Baca berita dengan sedikit iklan, klik di sini
Bogasari, mesin pembiak usaha kelompok Salim, sedang ditawarkan. Sejumlah investor memperebutkannya. Tapi mengapa Salim melepas cikal bakalnya?
Bogasari bukan mesin sulap. Tapi, bagi pengusaha Liem Sioe Liong, Bogasari bagaikan dewi kesuburan. Melalui Bogasari, konglomerasi Salim terus memompa diri: membengkak, menjadi besar, lalu menggurita. Berkat Bogasari juga seluruh rantai bisnis makanan berbahan baku terigu dapat dikuasai Salim dari hilir sampai hulu (lihat boks: Perjalanan Bayi Ajaib Itu).

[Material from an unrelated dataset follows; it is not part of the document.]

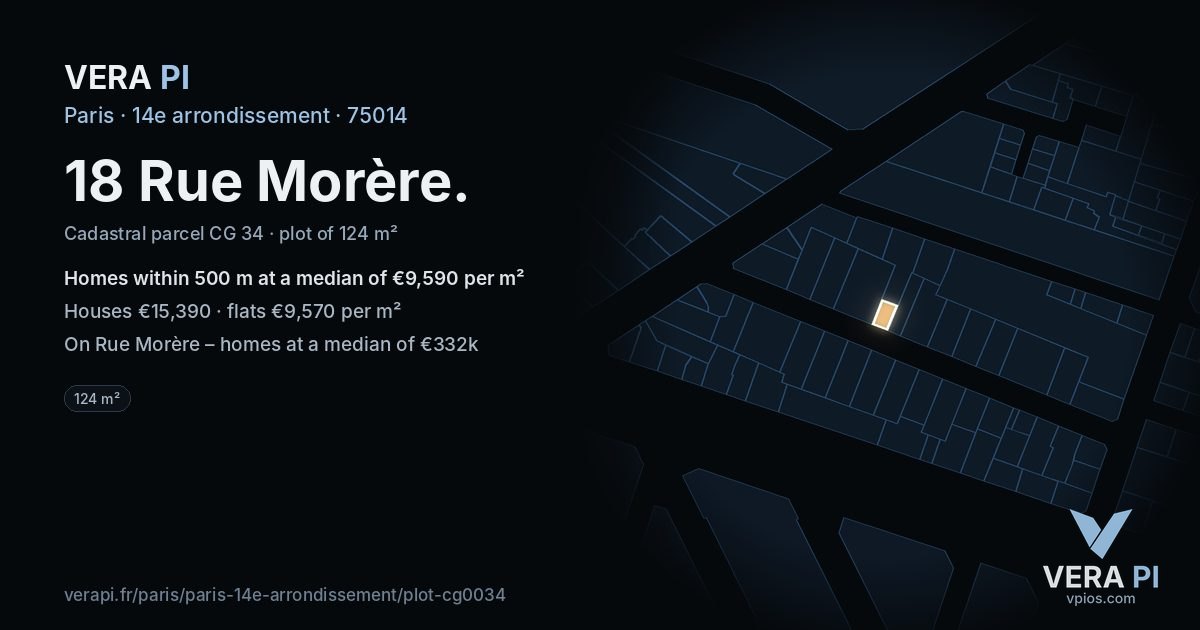 18 Rue Morère, 14e arrondissement at night – the plot lit, the parcels around coloured by the prices near them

Kini industri penggiling gandum bernama Bogasari itu berumur sudah. Hampir tiga puluh tahun usianya. Sebagai industri yang padat kapital, Bogasari mestinya tinggal dirawat dan dipetik hasilnya. Tapi, di luar dugaan, yang direncanakan Salim justru sebaliknya. Konglomerasi terbesar Indonesia itu bukannya memelihara kebun yang tinggal dipanen, tapi justru akan menjualnya.
Hingga hari ini transaksi memang belum terjadi. Tapi sejumlah pinangan telah terkirim. Kans paling besar dipegang Pepsi Co. Raksasa industri minuman ringan Amerika Serikat ini sudah lama berkongsi dengan Grup Salim. Melalui Frito-Lay, Pepsi berpatungan dengan Salim memproduksi makanan ringan dan memasarkan minuman berkarbonasi. Selain Pepsi, sedikitnya ada lima calon lain: Cargill, Unilever, Australian Wheat Board Limited (AWBL), Goodman Fielder Food Limited (GFFL), dan Nissin Foods Co. Limited.
Tapi persoalannya, mengapa Grup Salim ingin melepas mesin uangnya. Benarkah hanya karena Bogasari tak subur lagi?
Bogasari Flour Mills merupakan salah satu industri penggiling gandum terbesar di dunia. Kapasitas gilingnya mencapai empat juta ton per tahun. Rezeki terbesar yang dinikmati Bogasari sebenarnya bukan berasal dari ongkos giling atau ekspor dedak gandum seperti yang selama ini dikenal orang.
Menurut para analis, keuntungan terbesar Bogasari justru berawal dari sebuah aturan main ini: Bulog--badan pemerintah yang berfungsi sebagai pengendali pasokan dan penyangga harga bahan makanan pokok--memonopoli impor gandum (bahan baku terigu). Bogasari kemudian menjadi tukang giling tunggal.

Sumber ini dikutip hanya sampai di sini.